# My clear glyercin soap is cloudy, what to do?



## bigcow (Jun 6, 2011)

I made clear glyercin soap for the 1st time using M&P. The soap ended up being cloudy. What did I do wrong? How can I make it clear?

Thanks.


----------



## soapbuddy (Jun 7, 2011)

How hot was it when you melted the soap? Did you use a fragrance? Some can make MP soaps couldy.


----------



## nc.marula (Jun 7, 2011)

What brand of base are you using? I had clear from BB that was nothing but cloudy, which is so frustrating when your embedding! Could be temperature, if it gets too hot it ends up cloudy, or like mentioned above, some oils make it that way too.


----------



## bigcow (Jun 7, 2011)

i used orange fo. 
i heated the soap in the microwave for 30 sec. 

does the quality of the soap affect the cloudiness of the soap?


----------



## Tabitha (Jun 7, 2011)

What brand did you use?
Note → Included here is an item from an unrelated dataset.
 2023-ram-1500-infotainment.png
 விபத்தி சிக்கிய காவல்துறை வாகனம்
From which supplier?

Many suppliers have several types of clear soap, regular clear, extra clear, crsytal clear, super clear, etc.

The orange eo will cloud soap base though.
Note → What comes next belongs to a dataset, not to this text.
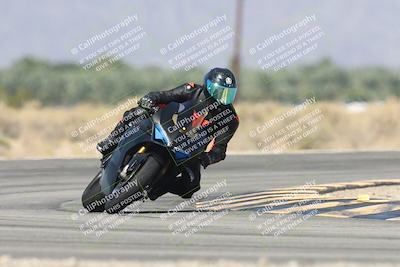 media/Oct-13-2025-Moto Forza (Mon) [[a66d839500]]/3-B Group/Session 3 (Turn 16)/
Take a couple oz of new soap base, do not add anything, pour it in a mold & see if it is clear. Can you read newsprint through it?

I use the super clear from Catalina. Click on this link & scroll down almost to the bottom of the page. You will see they have 3 different clear soap bases with explainations of each. http://www.essentialsbycatalina.com/sho ... .asp?id=64


----------



## LaurieS (Jun 17, 2011)

*Catalina*

They are having a great sale on the ultra clear base too!


----------